The host may send multiple negotiation packets (due to timeout) before the KVP user-mode daemon is connected. KVP user-mode daemon is connected. We need to defer processing those packets until the daemon is negotiated and connected. It's okay for guest to respond to all negotiation packets.
In addition, the host may send multiple staged KVP requests as soon as negotiation is done. We need to properly process those packets using one tasklet for exclusive access to ring buffer.
This patch is based on the work of Nick Meier Nick.Meier@microsoft.com.
Signed-off-by: Long Li longli@microsoft.com Signed-off-by: K. Y. Srinivasan kys@microsoft.com Signed-off-by: Greg Kroah-Hartman gregkh@linuxfoundation.org
The above is the original changelog of a3ade8cc474d ("HV: properly delay KVP packets when negotiation is in progress"
Here I re-worked the original patch because the mainline version can't work for the linux-4.4.y branch, on which channel->callback_event doesn't exist yet. In the mainline, channel->callback_event was added by: 631e63a9f346 ("vmbus: change to per channel tasklet"). Here we don't want to backport it to v4.4, as it requires extra supporting changes and fixes, which are unnecessary as to the KVP bug we're trying to resolve.
NOTE: before this patch is used, we should cherry-pick the other related 3 patches from the mainline first:
2d0c3b5 ("Drivers: hv: utils: Invoke the poll function after handshake") b9830d1 ("Drivers: hv: util: Pass the channel information during the init call") 4dbfc2e ("Drivers: hv: kvp: fix IP Failover")

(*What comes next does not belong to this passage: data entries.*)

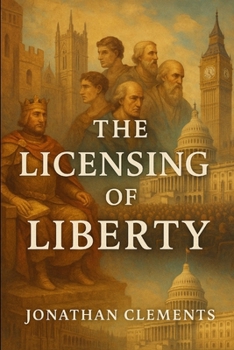 The Licensing of Liberty.: By. Jonathan Clements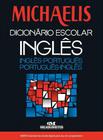 Michaelis Dicionário Escolar Inglês - Inglês/Português - Português/Inglês - Melhoramentos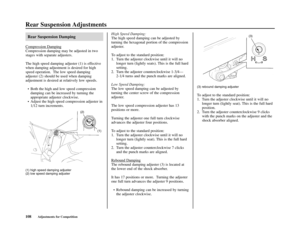 Page 112Rear Suspension Adjustments
108Adjustments for Competition(3) rebound damping adjuster
To adjust to the standard position:
1. Turn the adjuster clockwise until it will no
longer turn (lightly seat). This is the full hard
position.
2. Turn the adjuster counterclockwise 9 clicks
with the punch marks on the adjuster and the
shock absorber aligned.
Rear Suspension Damping
Compression Damping
Compression damping may be adjusted in two
stages with separate adjusters.
The high speed damping adjuster (1) is...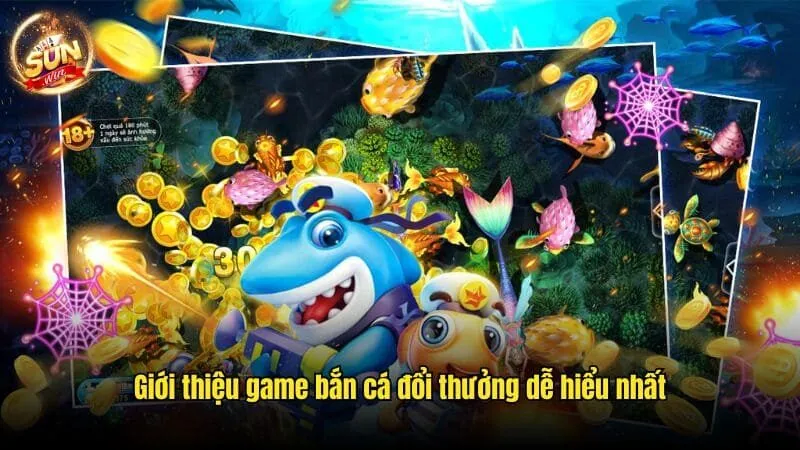 Game Bắn Cá Đổi Thưởng Sunwin Thú Vị, Ăn Khách Mọi Thời Đại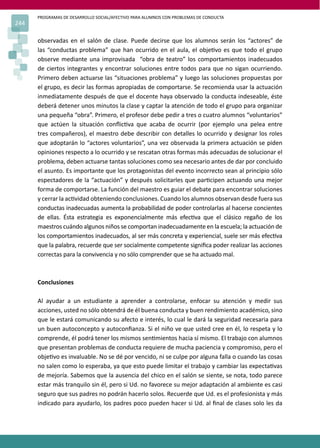 PROGRAMAS DE DESARROLLO SOCIAL/AFECTIVO PARA ALUMNOS CON PROBLEMAS DE CONDUCTA
244
observadas en el salón de clase. Puede decirse que los alumnos serán los “actores” de
las “conductas problema” que han ocurrido en el aula, el obje�vo es que todo el grupo
observe mediante una improvisada “obra de teatro” los comportamientos inadecuados
de ciertos integrantes y encontrar soluciones entre todos para que no sigan ocurriendo.
Primero deben actuarse las “situaciones problema” y luego las soluciones propuestas por
el grupo, es decir las formas apropiadas de comportarse. Se recomienda usar la actuación
inmediatamente después de que el docente haya observado la conducta indeseable, éste
deberá detener unos minutos la clase y captar la atención de todo el grupo para organizar
una pequeña “obra”. Primero, el profesor debe pedir a tres o cuatro alumnos “voluntarios”
que actúen la situación conﬂic�va que acaba de ocurrir (por ejemplo una pelea entre
tres compañeros), el maestro debe describir con detalles lo ocurrido y designar los roles
que adoptarán lo “actores voluntarios”, una vez observada la primera actuación se piden
opiniones respecto a lo ocurrido y se rescatan otras formas más adecuadas de solucionar el
problema, deben actuarse tantas soluciones como sea necesario antes de dar por concluido
el asunto. Es importante que los protagonistas del evento incorrecto sean al principio sólo
espectadores de la “actuación” y después solicitarles que par�cipen actuando una mejor
forma de comportarse. La función del maestro es guiar el debate para encontrar soluciones
y cerrar la ac�vidad obteniendo conclusiones. Cuando los alumnos observan desde fuera sus
conductas inadecuadas aumenta la probabilidad de poder controlarlas al hacerse concientes
de ellas. Ésta estrategia es exponencialmente más efec�va que el clásico regaño de los
maestros cuándo algunos niños se comportan inadecuadamente en la escuela; la actuación de
los comportamientos inadecuados, al ser más concreta y experiencial, suele ser más efec�va
que la palabra, recuerde que ser socialmente competente signiﬁca poder realizar las acciones
correctas para la convivencia y no sólo comprender que se ha actuado mal.
Conclusiones
Al ayudar a un estudiante a aprender a controlarse, enfocar su atención y medir sus
acciones, usted no sólo obtendrá de él buena conducta y buen rendimiento académico, sino
que le estará comunicando su afecto e interés, lo cual le dará la seguridad necesaria para
un buen autoconcepto y autoconﬁanza. Si el niño ve que usted cree en él, lo respeta y lo
comprende, él podrá tener los mismos sen�mientos hacia sí mismo. El trabajo con alumnos
que presentan problemas de conducta requiere de mucha paciencia y compromiso, pero el
obje�vo es invaluable. No se dé por vencido, ni se culpe por alguna falla o cuando las cosas
no salen como lo esperaba, ya que esto puede limitar el trabajo y cambiar las expecta�vas
de mejoría. Sabemos que la ausencia del chico en el salón se siente, se nota, todo parece
estar más tranquilo sin él, pero si Ud. no favorece su mejor adaptación al ambiente es casi
seguro que sus padres no podrán hacerlo solos. Recuerde que Ud. es el profesionista y más
indicado para ayudarlo, los padres poco pueden hacer si Ud. al ﬁnal de clases solo les da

And, actually it would better if we can cherry-pick more fixes from the mainline first (the 3 above patches are also included in this 27-patch list):
01 b003596 Drivers: hv: utils: use memdup_user in hvt_op_write 02 2d0c3b5 Drivers: hv: utils: Invoke the poll function after handshake 03 1f75338 Drivers: hv: utils: fix memory leak on on_msg() failure 04 a72f3a4 Drivers: hv: utils: rename outmsg_lock 05 a150256 Drivers: hv: utils: introduce HVUTIL_TRANSPORT_DESTROY mode 06 9420098 Drivers: hv: utils: fix crash when device is removed from host side 07 77b744a Drivers: hv: utils: fix hvt_op_poll() return value on transport destroy 08 b9830d1 Drivers: hv: util: Pass the channel information during the init call 09 e66853b Drivers: hv: utils: Remove util transport handler from list if registration fails 10 4dbfc2e Drivers: hv: kvp: fix IP Failover 11 e0fa3e5 Drivers: hv: utils: fix a race on userspace daemons registration 12 497af84 Drivers: hv: utils: Continue to poll VSS channel after handling requests. 13 db886e4 Drivers: hv: utils: Check VSS daemon is listening before a hot backup 14 abeda47 Drivers: hv: utils: Rename version definitions to reflect protocol version. 15 2e338f7 Drivers: hv: utils: Use TimeSync samples to adjust the clock after boot. 16 8e1d260 Drivers: hv: utils: Support TimeSync version 4.0 protocol samples. 17 3ba1eb1 Drivers: hv: hv_util: Avoid dynamic allocation in time synch 18 3da0401b Drivers: hv: utils: Fix the mapping between host version and protocol to use 19 23d2cc0 Drivers: hv: vss: Improve log messages. 20 b357fd3 Drivers: hv: vss: Operation timeouts should match host expectation 21 1724462 hv_util: switch to using timespec64 22 a165645 Drivers: hv: vmbus: Use all supported IC versions to negotiate 23 1274a69 Drivers: hv: Log the negotiated IC versions. 24 bb6a4db Drivers: hv: util: Fix a typo 25 e9c18ae Drivers: hv: util: move waiting for release to hv_utils_transport itself 26 bdc1dd4 vmbus: fix spelling errors 27 ddce54b Drivers: hv: kvp: Use MAX_ADAPTER_ID_SIZE for translating adapter id
This to to say, we're requesting a backport of 4 patches or 28 patches. If 28 patches seem too many, we hope at least the 4 patches can be backported.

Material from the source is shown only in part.